Studies with high doses of psilocybin can induce long term positive change in personality, feelings of life satisfaction and well being.
*Just another word of caution, in rare cases HPPD (hallucinogen persisting perception disorder) has been correlated with the use of psychedelics like psilocybin and LSD.(R) HPPD is also correlated with neurotoxins from mold and other biotoxins. Several cases have been attributed to psychiatric medication. Is any of this causal? Maybe (R).
Rg3, a ginsenoside compound found in Panax ginseng, is able to decrease excitotoxic and oxidative stress in the brain while also promoting neurogenesis. The effects are improved memory and lessened brain fog caused by autoimmune conditions.
Dr.
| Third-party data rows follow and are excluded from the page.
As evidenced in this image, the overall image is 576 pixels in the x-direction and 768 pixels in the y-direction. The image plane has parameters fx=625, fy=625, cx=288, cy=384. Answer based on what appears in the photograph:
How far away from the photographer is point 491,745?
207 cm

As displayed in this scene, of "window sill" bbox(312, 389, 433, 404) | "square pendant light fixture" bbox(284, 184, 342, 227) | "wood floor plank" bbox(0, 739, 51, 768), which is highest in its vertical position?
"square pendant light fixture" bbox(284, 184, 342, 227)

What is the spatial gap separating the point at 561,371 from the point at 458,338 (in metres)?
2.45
Andrew Heyman compounds nicotinamide riboside and Rg3 in one solution for his Lyme and brain disorder patients to start the process of repairing the central nervous system.
He’s also been using an Rg3 nose spray on the Corvette race car drivers of Le Mans (an American version of 24 Hours of Le Mans) to help them maintain focus during races.
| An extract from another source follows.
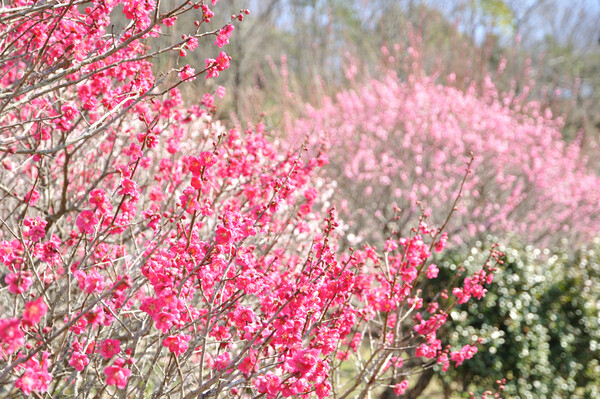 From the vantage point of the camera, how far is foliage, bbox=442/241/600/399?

The Corvette drivers were taking Rg3 nose sprays when they won the Le Mans in 2011 (R).
It can be found in supplement form or made as a compounded nasal spray.
16. Nicotinamide Riboside (NR)
Nicotinamide Riboside (NR) is a form of vitamin B3 that raises NAD+ in the brain. You need NAD+ in order to repair brain disorders like Alzheimer’s and improve mitochondrial function. Joe’s written a lot about NAD+ in this post.
Dr. Andrew Heyman has had clinical success using it to treat neurotoxins from several diseases, including Lyme.
Other Therapies to Promote Neurogenesis
17. Transcranial Magnetic Stimulation
Transcranial Magnetic Stimulation (TMS) is a noninvasive way to stimulate parts of the brain with a magnetic field generator (R).
Chronic repetitive transcranial magnetic stimulation also increases hippocampal neurogenesis in rats (R).
18. Transcranial Direct Stimulation
19. Targeted Oxidative Stress
Oxidative stress has long been recognized for importance in longevity medicine and aging associated brain dysfunctions. Targeting oxidative stress provides a new way to regulate adult neurogenesis and manage different brain diseases (R).